Search code examples
multithreadingasp.net-corekuberneteskestrel-http-server

How to troubleshoot thread starvation in ASP.NET Core on Linux (Kubernetes)?


I'm running an ASP.NET Core API on Linux, on Kubernetes in the Google Cloud.

This is an API with high load, and on every request it's executing a library doing a long (1-5 seconds), CPU-intensive operation.

What I see is that after deployment the API works properly for a while, but after 10-20 minutes it becomes unresponsive, and even the health check endpoint (which just returns a hardcoded 200 OK) stops working and times out. (This makes Kubernetes kill the pods.)

Sometimes I'm also seeing the infamous Heartbeat took longer than "00:00:01" error message in the logs.

Googling these phenomenons points me to "Thread starvation", so that there are too many thread pool threads started, or too many threads are blocking waiting on something, so that there are no threads left in the pool which could pick up ASP.NET Core requests (hence the timeout of even the health check endpoint).

What is the best way to troubleshoot this issue? I started monitoring the numbers returned by ThreadPool.GetMaxThreads and ThreadPool.GetAvailableThreads, but they stayed constant (the completion port is always 1000 both for max and available, and the worker is always 32767).
Is there any other property I should monitor?


Solution

  • Are you sure your ASP.NET Core web app is running out of threads?
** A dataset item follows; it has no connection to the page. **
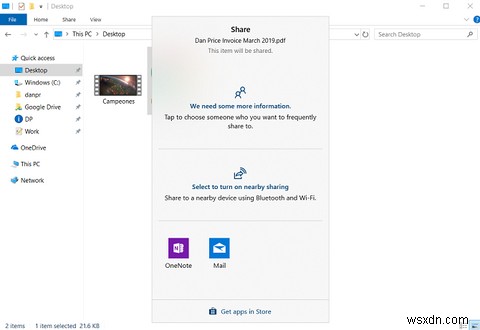Windows 파일 탐색기에서 파일을 빠르게 공유하는 4가지 방법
It may be it is simply saturating all available pod resources, causing Kubernetes to just kill down the pod itself, and so your web app.
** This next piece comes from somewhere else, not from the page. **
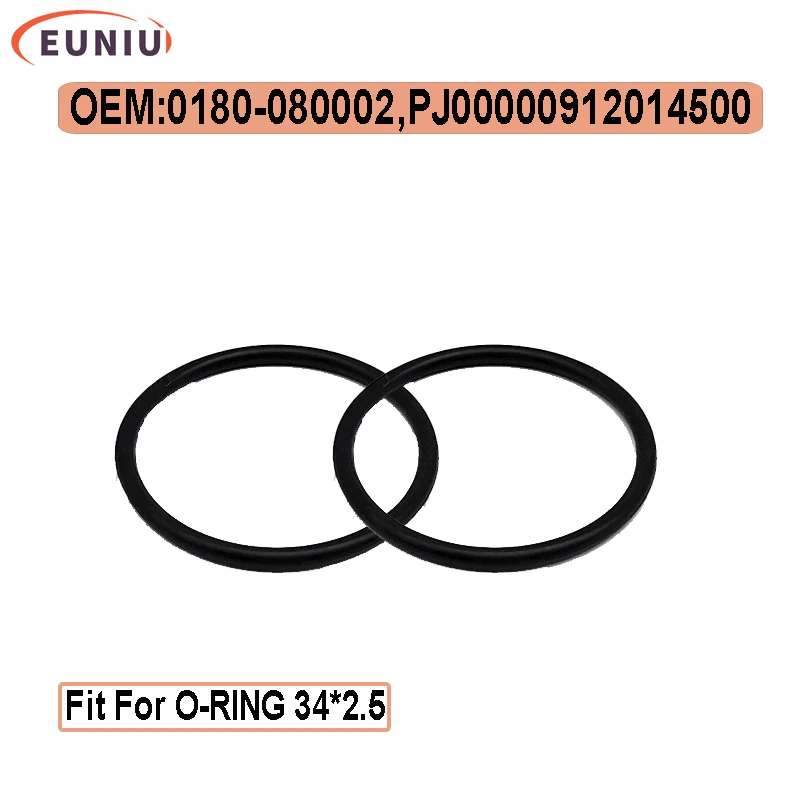 2pcs O-RING 34×2.5, Pack of 2 fit for CF650 OEM 0180-080002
    I did experience a very similar scenario with an ASP.NET Core web API running on Linux RedHat within an OpenShift environment, which also supports the pod concept as in Kubernetes: one call required approximately 1 second to complete and, under large workload, it became first slower and then unresponsive, causing OpenShift to kill down the pod, and so my web app.
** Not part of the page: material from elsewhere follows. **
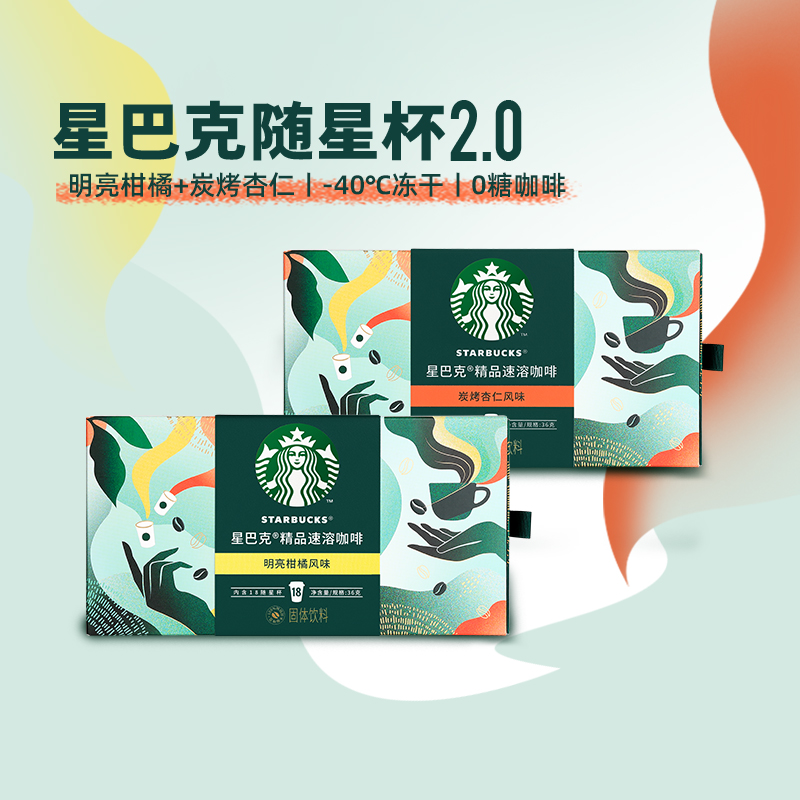 星巴克速溶咖啡随星杯2.0杏仁+柑橘2g*36杯黑咖啡礼盒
    It may be your ASP.NET Core web app is not running out of threads, especially considering the high amount of worker threads available in the ThreadPool. Instead, the number of active threads combined with their CPU need is probably too large compared to the actual millicores available within the pod where they are running: indeed, after being created, those active threads are too many for the available CPU that most of them end up being queued by the scheduler and waiting for execution, while only a bunch will actually run. The scheduler then does its job, making sure CPU is shared fairly among threads, by frequently switching those that would use it. As for your case, where threads require heavy and long CPU bound operations, over time resources get saturated and the web app becomes unresponsive.

    A mitigation step may be providing more capacity to your pods, especially millicores, or increase the number of pods Kubernetes may deploy based on need. However, in my particular scenario this approach did not help much. Instead, improving the API itself by reducing the execution of one request from 1s to 300ms sensibly improved the overall web application performance and actually solved the issue.

    For example, if your library performs the same calculations in more than one request, you may consider introducing caching on your data structures in order to enhance speed at the slight cost of memory (which worked for me), especially if your operations are mainly CPU bound and if you have such request demands to your web app. You may also consider enabling cache response in ASP.NET Core too if that makes sense with the workload and responses of your API. Using cache, you make sure your web app does not perform the same task twice, freeing up CPU and reduce the risk of queuing threads.

    Processing each request faster will make your web app less prone to the risk of filling up the available CPU and therefore reduce the risk of having too many threads queued and waiting for execution.